By Ali Yurttagül
May 24, 2014
Today, European elections are being held. The European Union will elect deputies for the European Parliament and the President of the Council of the EU who will serve in these positions for five years.
The left-wing candidate, German Social Democrat Martin Schulz and the Christian Democrats' candidate, Jean-Cloud Junker, are in a fierce competition to become president of the commission, but due to disagreement among European conservatives, Martin Schulz appears to be the more likely winner. However, the winner of the election is not necessarily appointed president because democracy is not fully established in the EU; the prime ministers of the 28 member states appoint the commission chair and the impact of the European Parliament in this process is fairly limited.
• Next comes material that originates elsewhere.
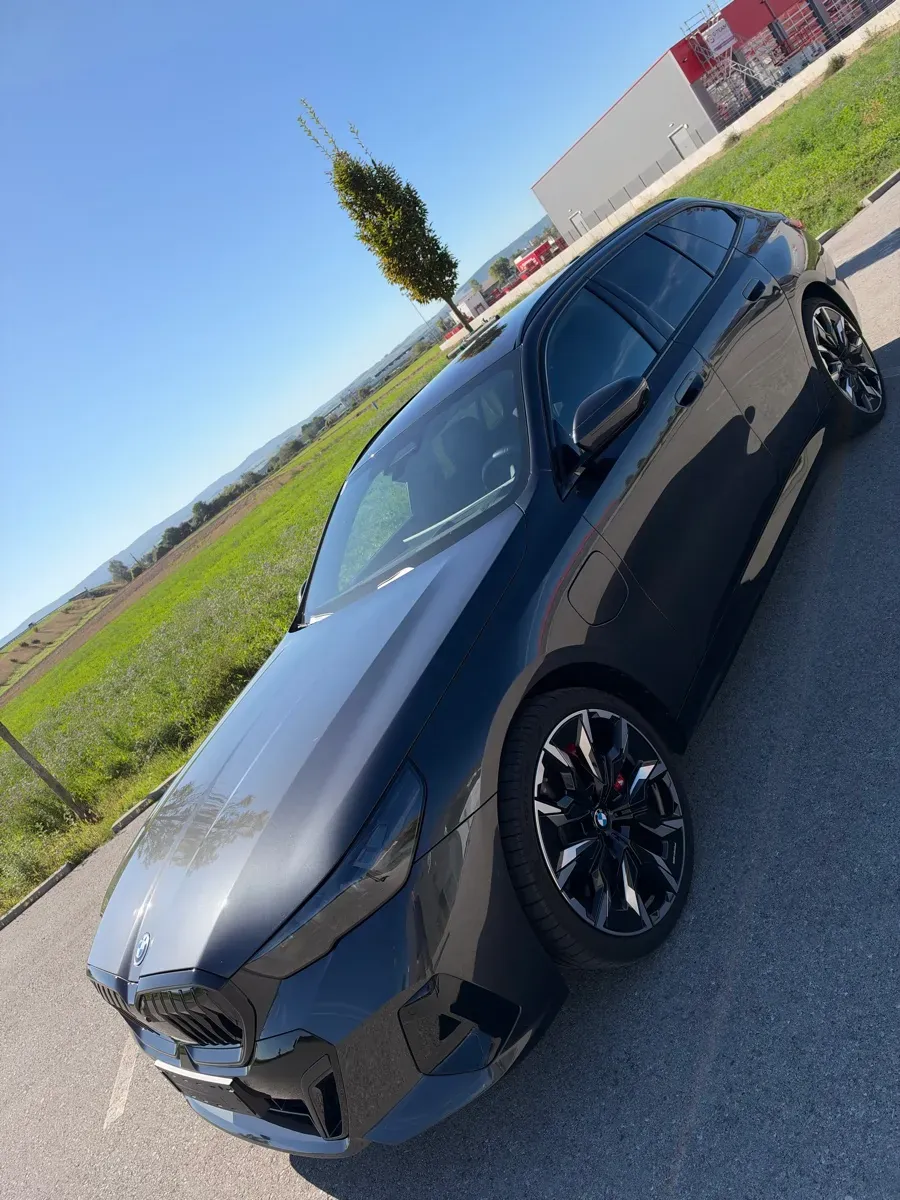 BMW 5 Series 2025 photo 2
Public surveys show that the socialists currently attract the support of 27.7 percent and the Christian Democrats have 28.9 percent.
Because it is difficult to make precise estimates of the election results, I would like to discuss two important developments for Turkish foreign policy.
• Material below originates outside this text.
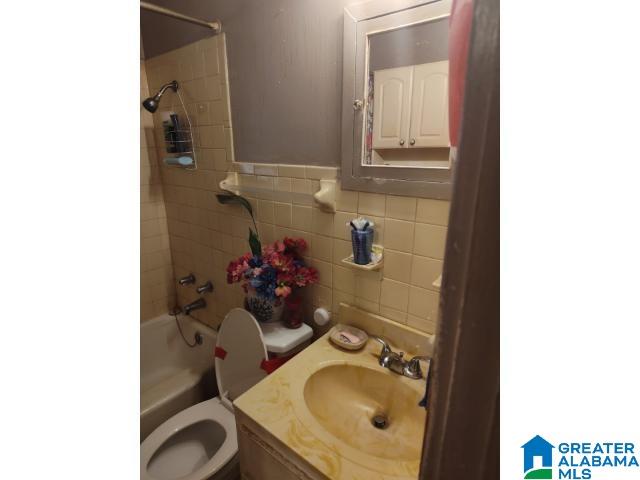2016 Lee Terrace Southwest Birmingham, AL 35211 - Photo 21 of 25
A primary fact as revealed in the public polls indicates that the power balance in the European Parliament will shift to right-wing politics. The Liberals and the Greens will lose influence in this process. It appears that even if it attracts the support of the Liberals, left-wing politics will not be in the majority. The Greens and the Liberals have served as balancing actors between the right and left and they have played determinative roles in decisions. In this case, the grand coalition in power in Germany will most likely hold a special and important place in the European Parliament.
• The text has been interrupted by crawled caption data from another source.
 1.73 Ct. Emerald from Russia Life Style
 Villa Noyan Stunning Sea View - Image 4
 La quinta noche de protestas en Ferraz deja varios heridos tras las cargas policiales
It also appears that there will be another shift to far-right politics. Marine Le Pen, who replaced her father Jean-Marie Le Pen as head of the National Front (FN) party in France, is more successful than her predecessor. Marine Le Pen's party is expected to receive the greatest number of votes in the French elections. Marine Le Pen, who successfully got rid of a Nazi image and formed a new political alliance with the Dutch Party for Freedom, started by Dutch populist Pim Fortuyn and currently represented by Geert Wilders, is threatening not only Turkey's policies, but the EU's structure and organisation,. What distinguishes Wilders and Marine Le Pen and the former European far-right is that these politicians, unlike Jean-Marie Le Pen, are Islamophobic rather than anti-Semitic. These politicians are provoking and promoting policies and actions that are anti-Islam.
The new far right, which gives great attention to the repression of women and other issues that are also important to liberals and leftist movements, is engaging in politics under a perception of Islam that the far right sees as aligned with the ideology of the al-Qaeda. It cannot be said that they have been successful in this attempt. They also have warm relations with Israel. The Israeli envoy in Brussels has not hesitated to cooperate with the deputies elected on Wilders' list, even though it has raised eyebrows among liberal European Jews. The envoy does not seem to be influenced by this.
Of course, Islamophobia is not the only item on the agenda of the new far-right in Europe in their election campaigns. Marine Le Pen, Wilders and other far-right politicians are opposed to a common currency in Europe and say that they will no longer use it as national currency if elected. Even though they are aligned with the far left in opposition to European policies, it is possible to argue that they are more convincing in this matter. And it would not be an exaggeration to argue that these movements will be determinative in Europe's policy development in the coming years. In addition, their election successes and their impact on the political stage should not be underestimated.
Public polls suggest that the far-right parties and political groups will increase their votes from 4.3 percent to 12.5, and go from 33 seats to 94 in the European Parliament. This will make them the third-largest ideological bloc in the parliament; even though they will not be able to become a group individually, these far-right groups and movements will be tempted to form an alliance in an attempt to create a political alliance and utilize the advantages associated with this status.
Junker, who is apparently not a populist politician, justifies his opposition to Turkey's EU membership with reference to anti-democratic moves and policies; however, there is no doubt that the real reason for his opposition is his eagerness to attract the support of the voters who would be inclined to vote for far-right parties. For this reason, it is no surprise to see that Schulz, who is pretty sensitive in matters of union rights and democracy, has adopted a different approach vis-à-vis Turkey.
Turkey holds a key position in a possible struggle against Islamophobia in Europe. It is also a country that may have the potential to serve as a significant column in the structure of European values. Unfortunately, currently, we lack policies and politicians who would use this potential.